* Task directions
Each line of the data below from the one holding "The 3D cardiac" to the one holding "PROTESI CAPELLI BRONZE", inclusive, is to be reproduced exactly; no other line belongs in the answer.

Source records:
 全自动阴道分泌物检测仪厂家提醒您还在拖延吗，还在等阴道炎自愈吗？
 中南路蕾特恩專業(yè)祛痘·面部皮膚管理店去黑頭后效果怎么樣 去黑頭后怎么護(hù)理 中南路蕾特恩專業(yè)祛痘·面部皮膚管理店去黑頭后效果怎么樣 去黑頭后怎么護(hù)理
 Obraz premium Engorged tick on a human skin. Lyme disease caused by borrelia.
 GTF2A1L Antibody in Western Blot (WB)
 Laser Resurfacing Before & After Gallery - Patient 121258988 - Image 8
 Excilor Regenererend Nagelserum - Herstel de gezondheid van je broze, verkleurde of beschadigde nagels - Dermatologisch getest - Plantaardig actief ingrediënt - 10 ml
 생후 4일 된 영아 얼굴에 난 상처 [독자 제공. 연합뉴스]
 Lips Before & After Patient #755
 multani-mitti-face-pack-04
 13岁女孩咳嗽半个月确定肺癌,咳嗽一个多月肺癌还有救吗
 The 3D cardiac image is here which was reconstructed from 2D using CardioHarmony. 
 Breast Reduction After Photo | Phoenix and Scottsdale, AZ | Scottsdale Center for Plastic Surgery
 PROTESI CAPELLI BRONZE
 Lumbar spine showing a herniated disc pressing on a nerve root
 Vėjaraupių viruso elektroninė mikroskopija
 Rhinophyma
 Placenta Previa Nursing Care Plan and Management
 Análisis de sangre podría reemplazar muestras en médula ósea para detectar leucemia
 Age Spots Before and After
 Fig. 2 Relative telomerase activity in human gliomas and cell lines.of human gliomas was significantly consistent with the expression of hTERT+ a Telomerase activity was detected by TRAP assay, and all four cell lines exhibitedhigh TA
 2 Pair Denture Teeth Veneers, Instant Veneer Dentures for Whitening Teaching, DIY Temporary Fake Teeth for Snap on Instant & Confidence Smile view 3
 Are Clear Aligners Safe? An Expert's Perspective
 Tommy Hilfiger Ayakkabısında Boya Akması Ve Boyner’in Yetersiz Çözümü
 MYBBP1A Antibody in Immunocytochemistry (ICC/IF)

* Answer below
 The 3D cardiac image is here which was reconstructed from 2D using CardioHarmony. 
 Breast Reduction After Photo | Phoenix and Scottsdale, AZ | Scottsdale Center for Plastic Surgery
 PROTESI CAPELLI BRONZE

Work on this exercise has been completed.